Pour les divers apprentissages, il serait approprié de favoriser la vie intérieure des apprenants. On pourrait les aider à conserver ce qu’ils apprennent par des images mentales visuelles ou auditives, et à opérer un retour réflexif sur leurs apprentissages. Ces images ne doivent pas être seulement des images de configurations statiques, il importe que les élèves se procurent aussi les images des objets et des situations en mouvement ou en transformation. En faisant exister mentalement en images visuelles ou auditives les apprentissages, on peut mieux pénétrer leur sens et les orienter vers les objets de son choix. Si les apprentissages sont bien conservés de cette manière, on pourra se poser des questions intelligentes et les utiliser à bon escient. ‘« Connaître, disait Jousse, c’est ‘intussusceptionner’ (saisir ce qui est extérieur et le porter à l’intérieur de soi) pour prendre conscience, et c’est cette prise de conscience qui est science’ »480.

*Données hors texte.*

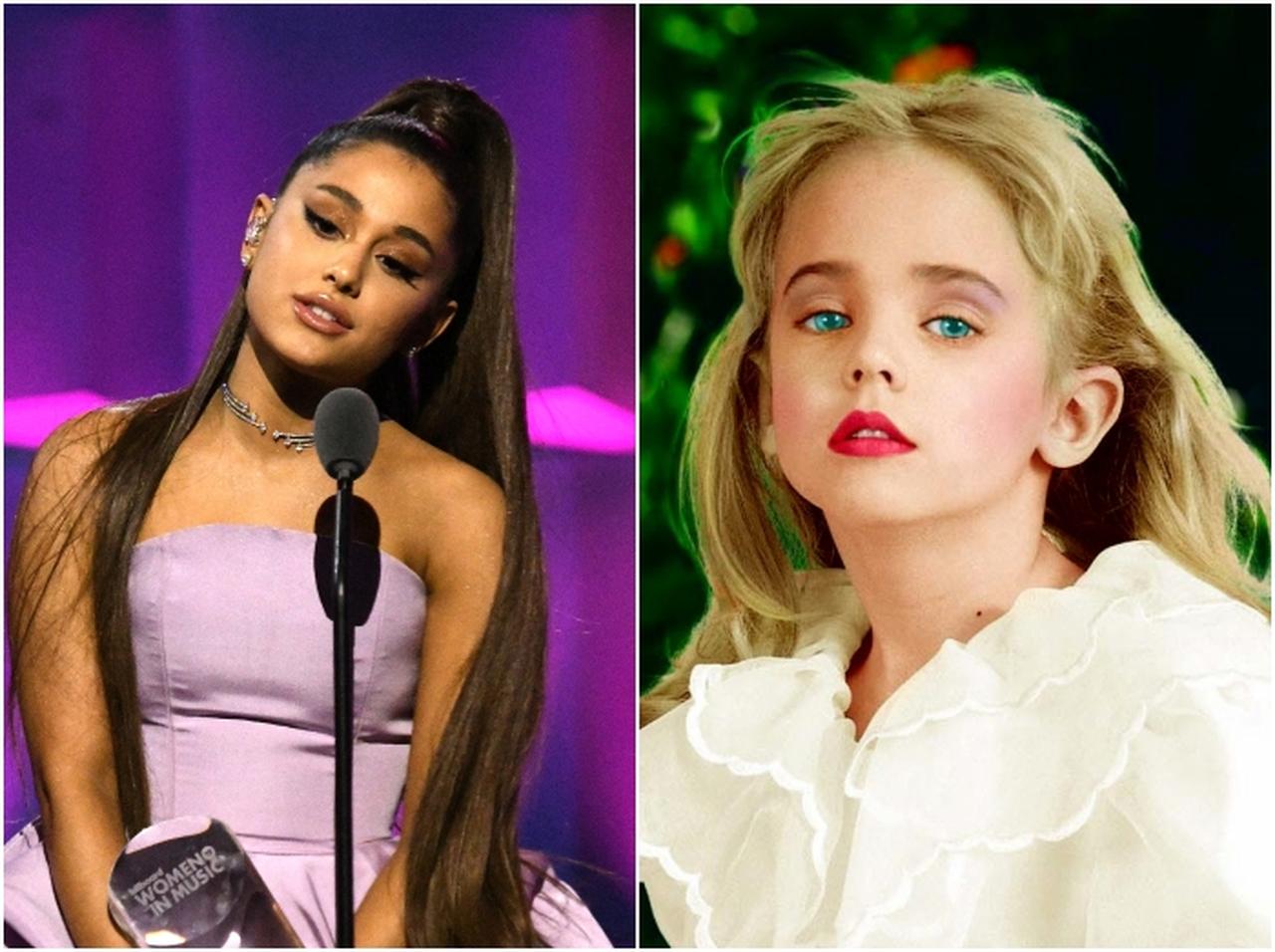 「ジョンベネちゃん」をネタにした“笑えない冗談”に批判、アリアナ・グランデが謝罪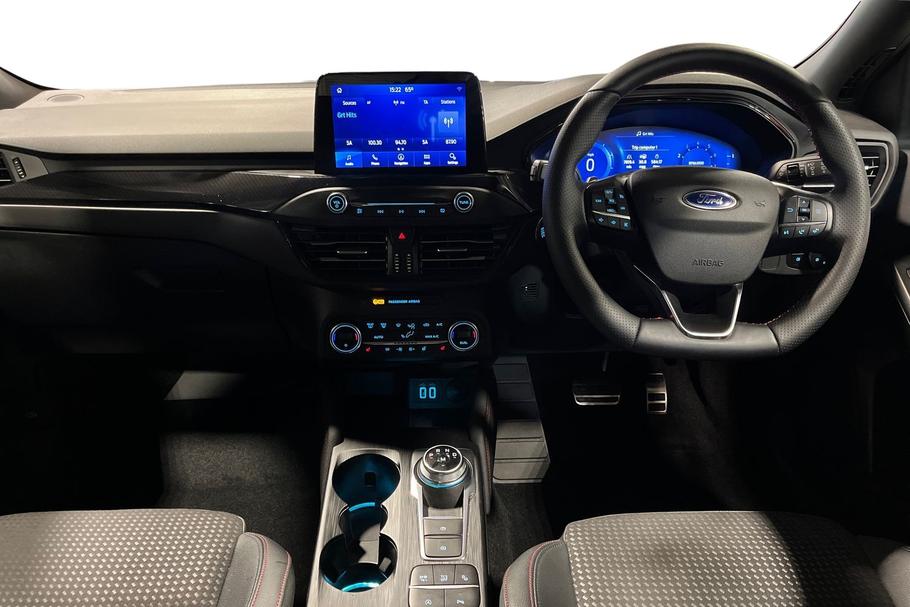 Used Ford Focus 10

Au cours de l’apprentissage, il serait aussi intéressant que l’enseignant questionne l’apprenant pour le rendre conscient de son mode de fonctionnement, de ses stratégies, de ses idiosyncrasies et représentations. Ces questions sont à poser en termes de comment et non de pourquoi pour éviter que l’apprenant émotif se sente agressé. Comment en êtes-vous arrivé là ? Comment faites-vous quand vous êtes en face de tel problème ? Comment faites-vous pour maîtriser telle situation ? La reformulation et la mentalisation peuvent aider l’élève à structurer ses connaissances de façon personnelle et explicite, à être conscient de ce qu’il fait, à donner du sens à son action et à suivre son propre chemin d’évolution.

La prise de conscience ne se fait pas uniquement seul. Il importe qu’elle se fasse aussi en groupe. Les discussions, les débats, les critiques de partenaires peuvent aussi aider le sujet à bien se situer, à être conscient de sa démarche, à bien intérioriser le sens de ses connaissances, à bien intégrer les savoirs dans la gestion de sa vie. Si les plus grands s’occupent des plus petits, les plus habiles de ceux qui le sont moins, cela peut aussi amener les élèves à la prise de conscience de leurs apprentissages et à construire du sens pour eux.

Notes
477.

MORIN (E.), La méthode 3. La connaissance de la connaissance, p. 192.

478.

MORIN (E.), La méthode 3. La connaissance de la connaissance, p. 191.

479.

SOËTARD (M.), Qu’est-ce que la pédagogie ? Le pédagogue au risque de la philosophie, p. 113.

480.

JOUSSE (M.), L’anthropologie du geste, p. 45.